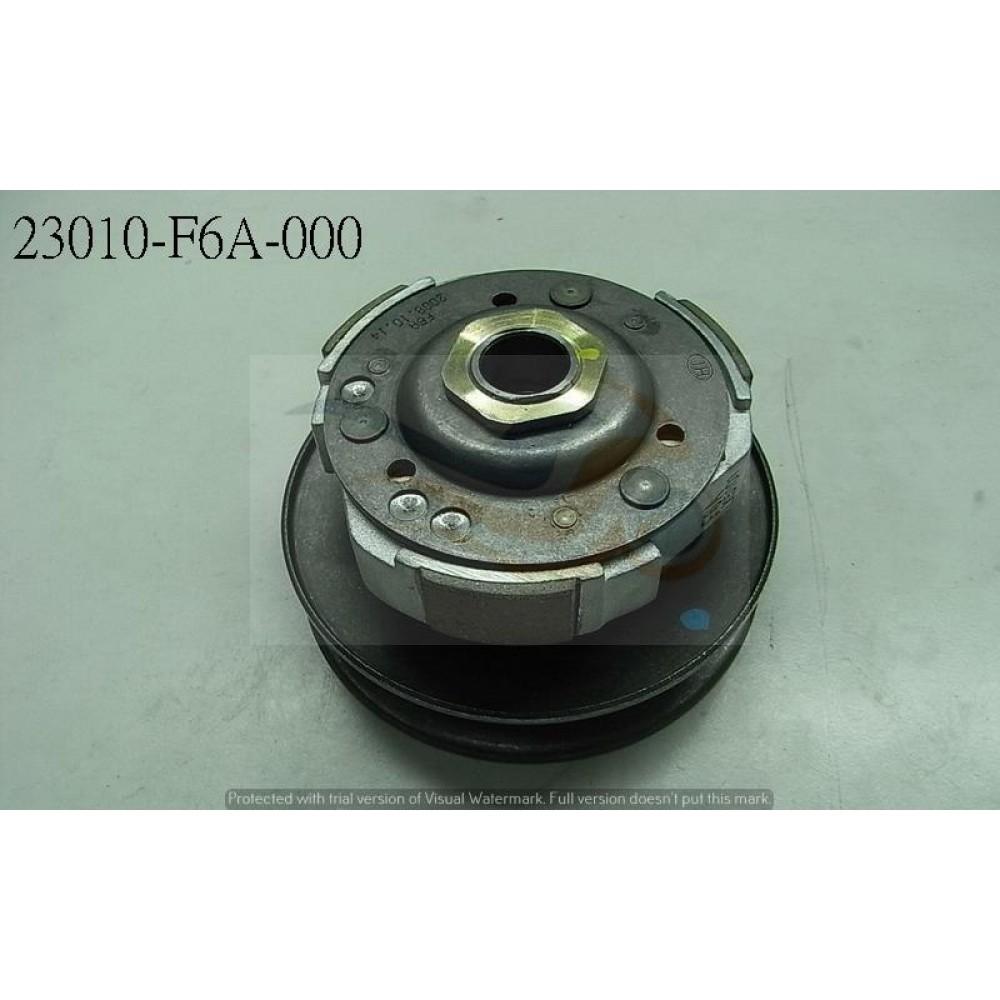SYM FİDLE 2 125 S ARKA VARYATOR DEB TASI HARIC SYM FİDLE 2 125 S ARKA VARYATOR DEB TASI HARIC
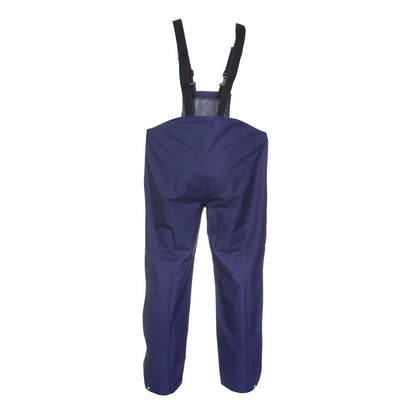 Hydrowear Uden SNS Waterproof Bib and Brace Navy Blue L
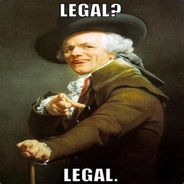 Legal Legends
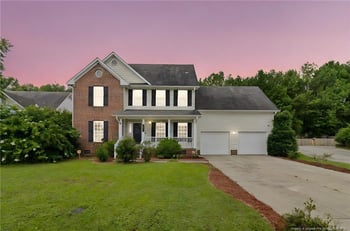 5026 Roy C Stallings Jr St, Hope Mills, NC 28348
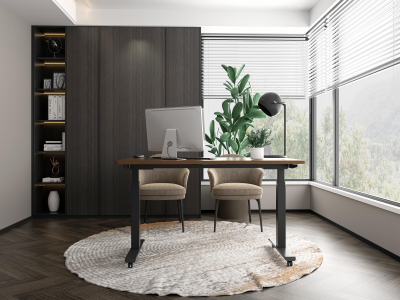 Lazymaisons自动升降桌,满足你居家办公的 ...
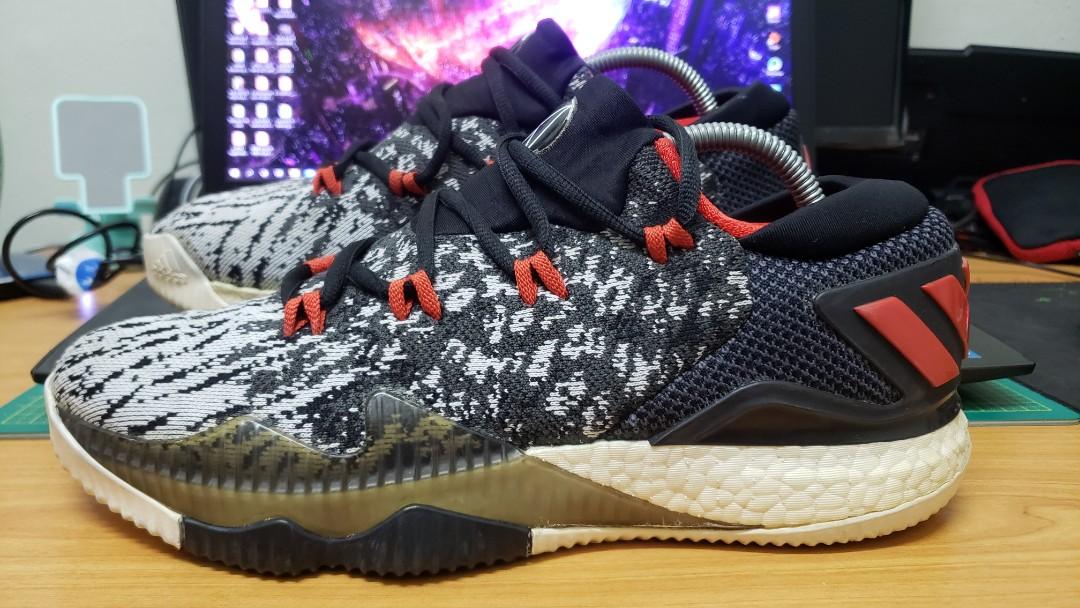 ADIDAS CrazyLight Boost 2016 Primeknit CNY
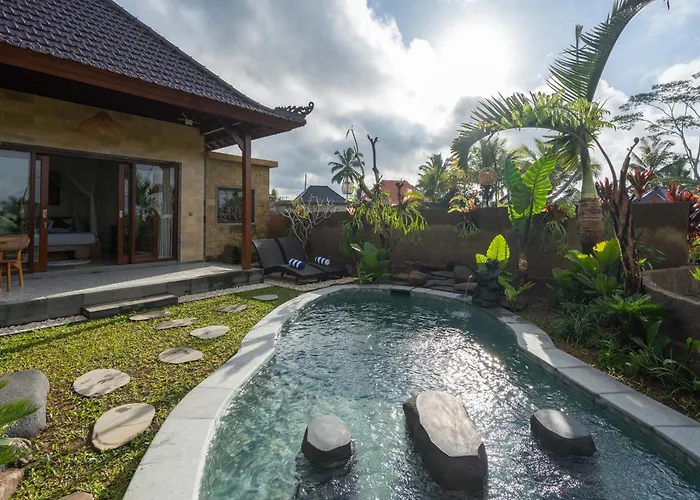 Sawah Sebatu * Ubud
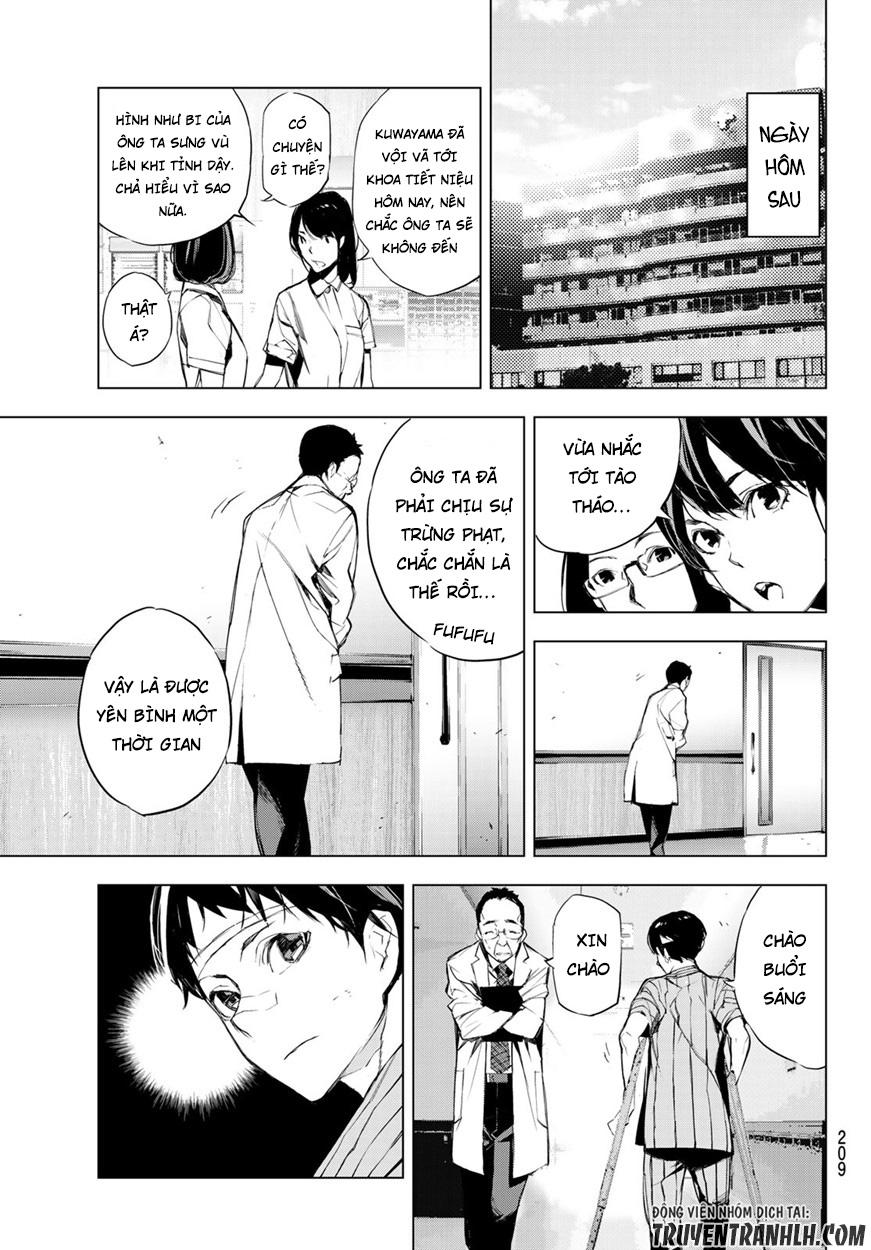 When Night Falls - Chương 2 - Trang 35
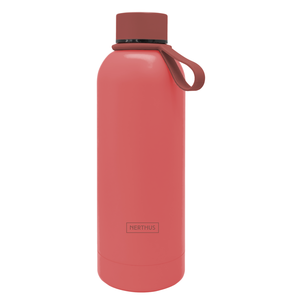 Gourde vacuum 500ml coral (chaud et froid) - URBAN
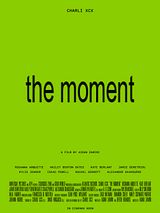 Filmposter von The Moment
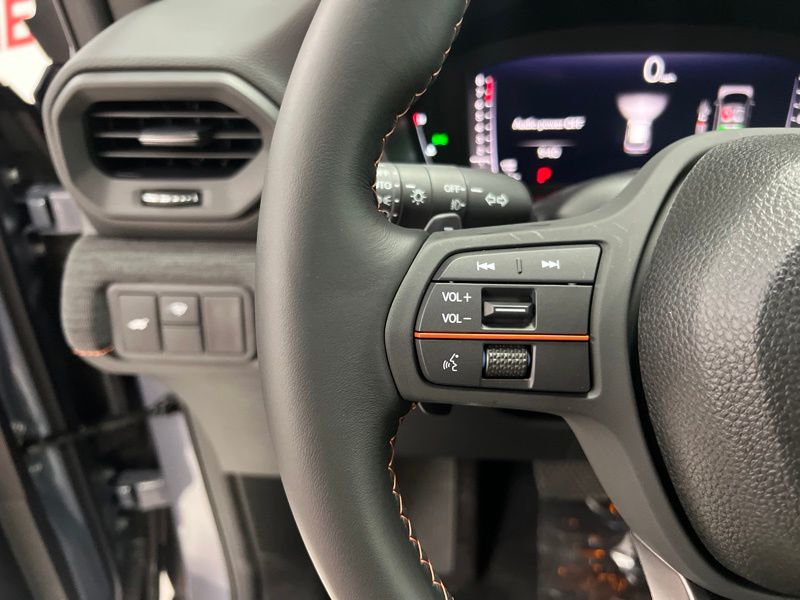 New 2026 Honda Passport SUV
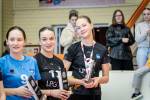 Daugavpils Sporta skola izcīna sudraba medaļas Nacionālajā volejbola līgā 28
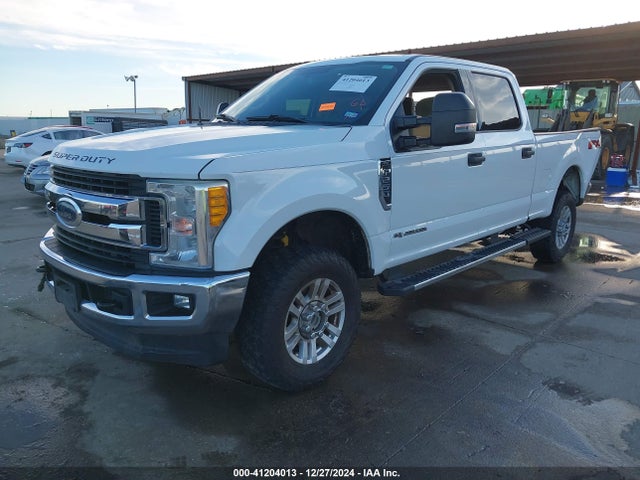 Ford F-250 Xlt 2017 1FT7W2BTXHEE20668 Image 2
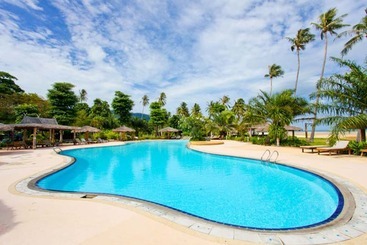 Hotel Samui Orchid The Ocean Resort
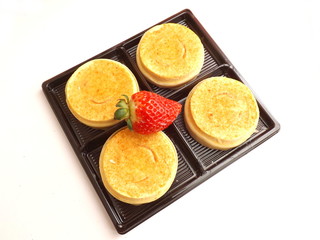 creme brulee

PROBLEM TO WORK ON:
No pictures, please. Output the listing above exactly as it stands.

FINAL ANSWER:
SYM FİDLE 2 125 S ARKA VARYATOR DEB TASI HARIC SYM FİDLE 2 125 S ARKA VARYATOR DEB TASI HARIC
 Hydrowear Uden SNS Waterproof Bib and Brace Navy Blue L
 Legal Legends
 5026 Roy C Stallings Jr St, Hope Mills, NC 28348
 Lazymaisons自动升降桌,满足你居家办公的 ...
 ADIDAS CrazyLight Boost 2016 Primeknit CNY
 Sawah Sebatu * Ubud
 When Night Falls - Chương 2 - Trang 35
 Gourde vacuum 500ml coral (chaud et froid) - URBAN
 Filmposter von The Moment
 New 2026 Honda Passport SUV
 Daugavpils Sporta skola izcīna sudraba medaļas Nacionālajā volejbola līgā 28
 Ford F-250 Xlt 2017 1FT7W2BTXHEE20668 Image 2
 Hotel Samui Orchid The Ocean Resort
 creme brulee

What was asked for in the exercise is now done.